▸ Task requirements
For the listing below, return the line containing "Test rapid anemie (Fe), 1 bucata, Self Care", the line containing "White 2024 Honda", and all lines in between, exactly as written and nothing else.

▸ Record extracts

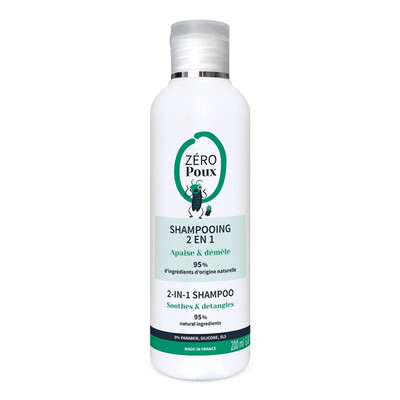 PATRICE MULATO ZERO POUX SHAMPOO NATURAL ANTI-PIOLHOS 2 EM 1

...

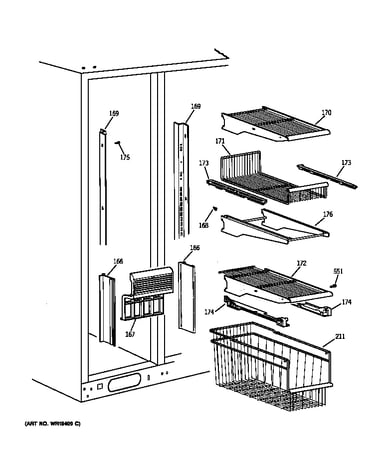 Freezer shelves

* * *

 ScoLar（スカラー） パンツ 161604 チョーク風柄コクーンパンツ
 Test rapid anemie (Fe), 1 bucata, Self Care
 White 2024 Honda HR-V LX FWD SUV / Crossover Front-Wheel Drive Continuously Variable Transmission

▸ Response to this exercise
 Test rapid anemie (Fe), 1 bucata, Self Care
 White 2024 Honda HR-V LX FWD SUV / Crossover Front-Wheel Drive Continuously Variable Transmission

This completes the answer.